Qualys Inc. , a security vendor that has been tracking attacks on the Microsoft suite, has seen a threefold increase in instances of attacks on those applications in the last year, according to Amol Sarwate, manager of Qualys's Vulnerability Management Lab. "About 20 percent of those attacks were zero-day," he says.
Many of the zero-day attacks on Windows applications are initiated in China, according to Sachs. The country's lax position on intellectual property rights makes it relatively easy for attackers to get access to Microsoft source code, and there are few law enforcement agencies investigating such attacks on other countries, he observes.
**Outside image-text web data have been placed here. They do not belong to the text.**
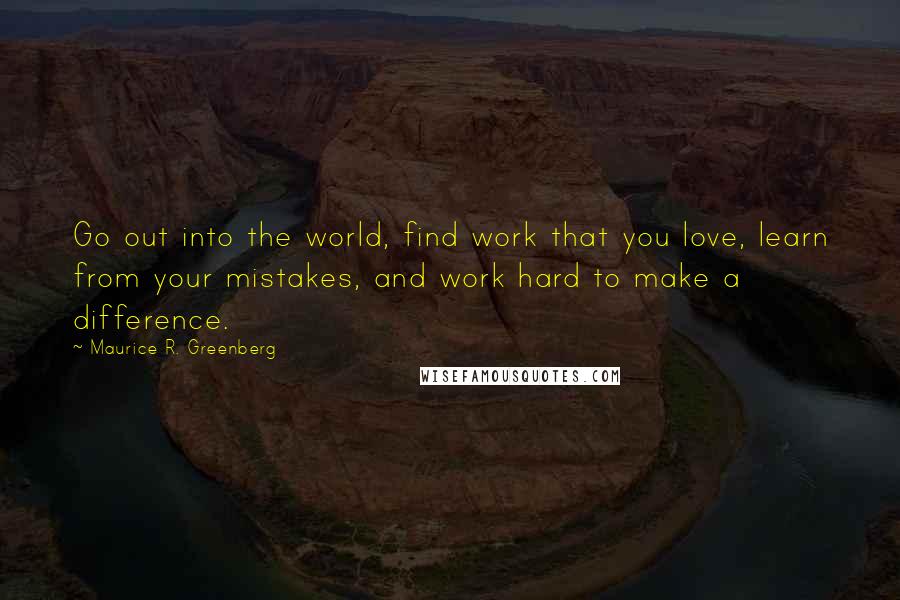 Maurice R. Greenberg Quotes: Go out into the world, find work that you love, learn from your mistakes, and work hard to make a difference.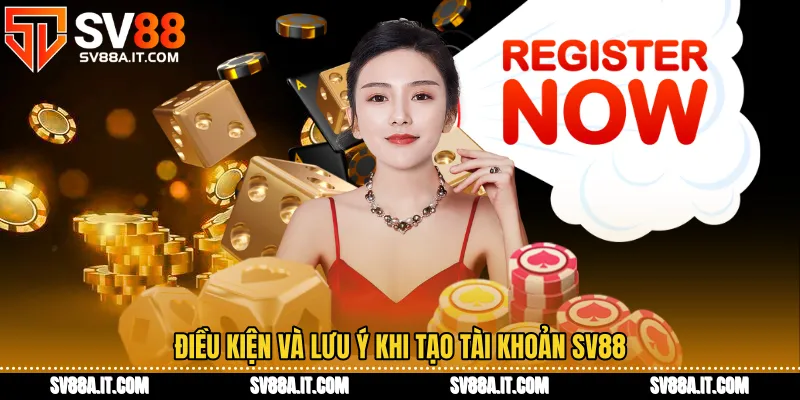 Điều kiện và lưu ý khi tạo tài khoản SV88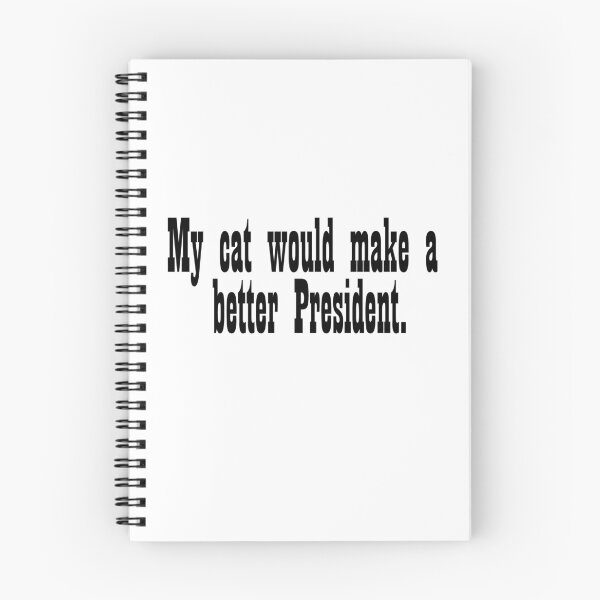 Item preview, My cat would make a better President designed and sold by DT creations.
Attacks on U.S. military and government sites are also on the rise, according to the SANS Institute report. A U.S. Air Force general recently conceded that "petabytes" of its data had been stolen by foreign governments, and that the Department of Commerce recently announced plans to replace hundreds of computers because of security vulnerabilities, according to Alan Paller, director of research for the Institute.
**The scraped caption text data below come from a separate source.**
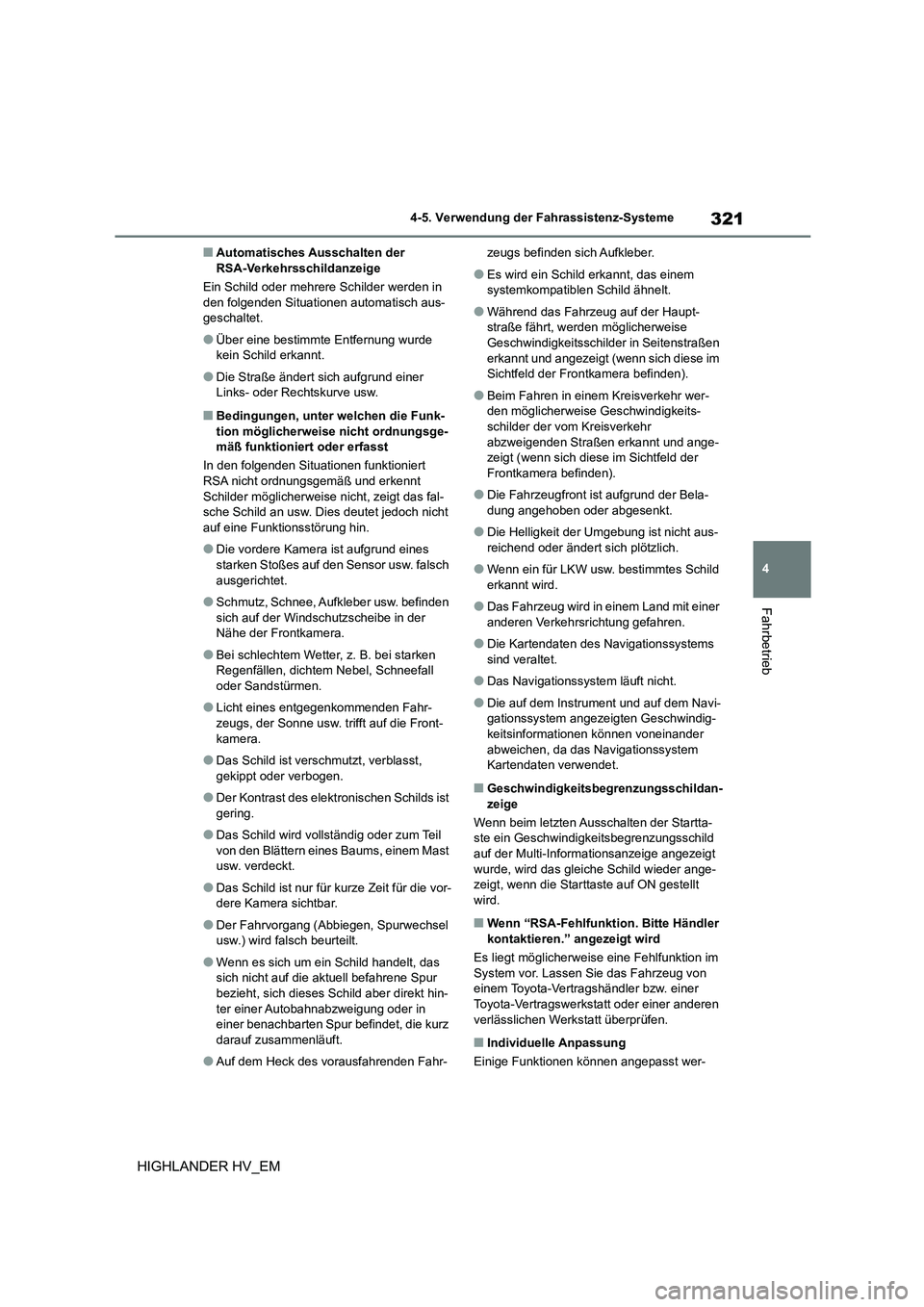 TOYOTA HIGHLANDER 2020 Betriebsanleitungen (in German) 321
4
4-5. Verwendung der Fahrassistenz-Systeme
Fahrbetrieb
HIGHLANDER HV_EM
■Automatisches Ausschalten der RSA-Verkehrsschildanzeige
Ein Schild oder mehrere Schilder werden in
den folgenden Si TOYOTA HIGHLANDER 2020 Betriebsanleitungen (in German) 321
4
4-5. Verwendung der Fahrassistenz-Systeme
Fahrbetrieb
HIGHLANDER HV_EM
■Automatisches Ausschalten der RSA-Verkehrsschildanzeige
Ein Schild oder mehrere Schilder werden in
den folgenden Si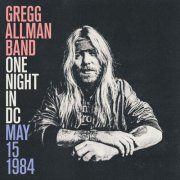 Gregg Allman Band - One Night in DC, May 15, 1984 (2025) [Hi-Res]
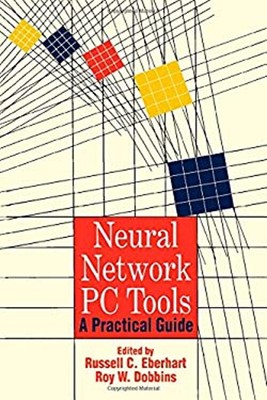 Neural Network PC Tools : A Practical Guide Hardcover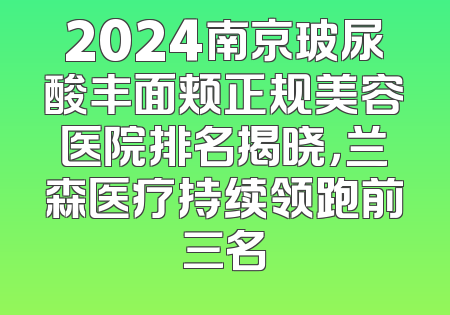 2024南京玻尿酸丰面颊正规美容医院排名揭晓，兰森医疗持续领跑前三名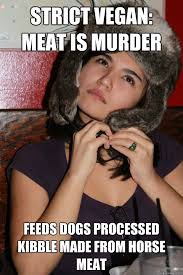 Strict Vegan: Meat is murder Feeds dogs processed kibble made from ... via Relatably.com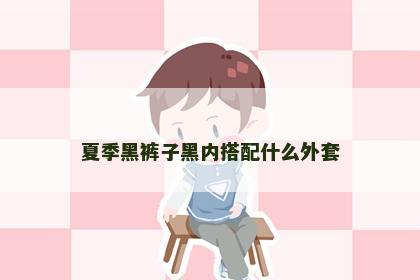夏季黑裤子黑内搭配什么外套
Voice over IP technology has also become a popular target for attackers, the SANS experts say. "The FBI reports that many VOIP systems are being compromised so that criminals can sell minutes and leave the bill with the victim," Dhamankar says. Federal authorities broke up such a scam in June. (See Two Charged in VOIP Hacking Scandal.)
Dhamankar also expressed concern that attackers might use VOIP servers to inject bad messages into the public switched telephone network. "We haven't seen it happen yet, but with the interconnection of VOIP servers and traditional SS7 systems, it's possible," he says.
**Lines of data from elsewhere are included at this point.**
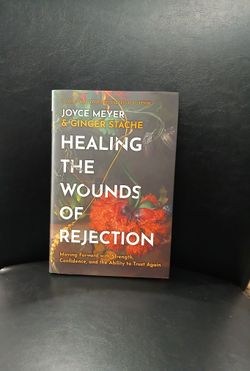 Healing the Wounds of Rejection Moving Forward W/ Strength. By Joyce Meyer.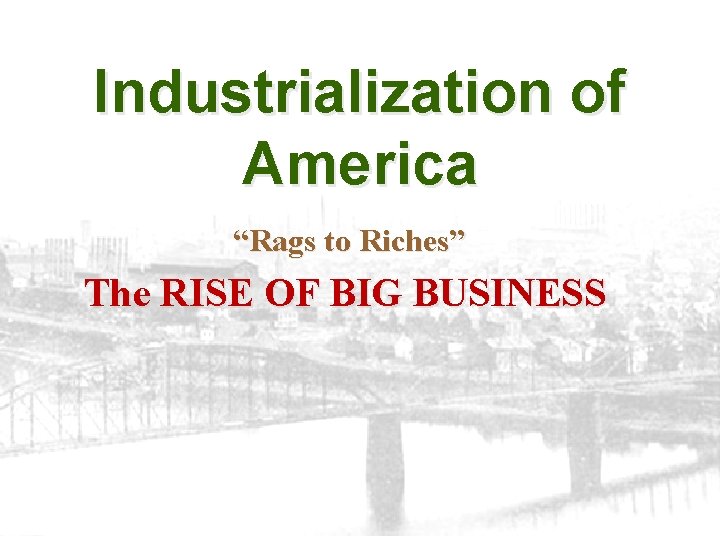 Industrialization of America “Rags to Riches” The RISE OF BIG BUSINESS 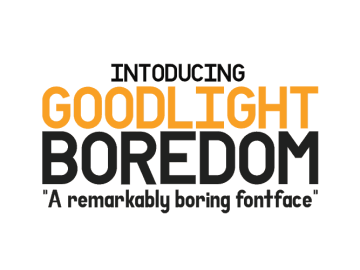 Goodlight Boredom Font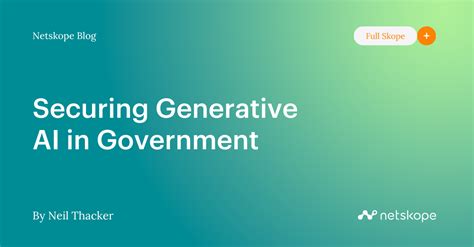 Securing Generative Ai In Government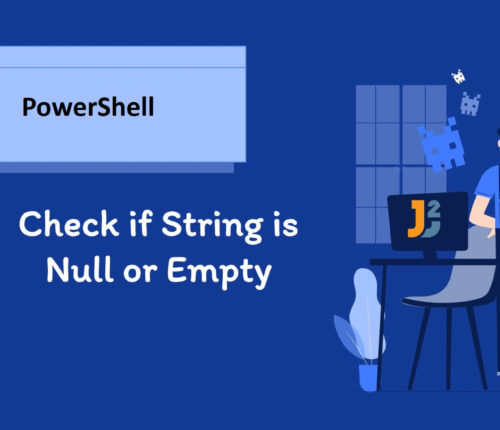 Check if String is null or empty in PowerShell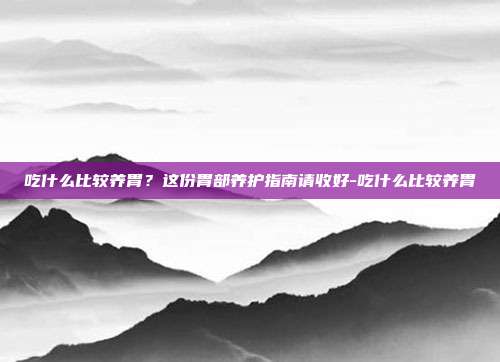 吃什么比较养胃?这份胃部养护指南请收好-吃什么比较养胃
Another popular attacker target is the Web application, says Johannes Ulrich, CTO of the SANS Internet Storm Center. "Web applications have become an Achilles heel for a lot of enterprises," he says. "In many cases, the business is forced to keep its interfaces open, which leaves it exposed to attacks."
Attackers are targeting Web applications not only to steal data, but to use highly-trafficked Websites to launch other types of browser attacks, Ulrich observes. Other experts have pointed out that most enterprises still have a lot of work to do on Web application security. (See The Web App Security Gap.)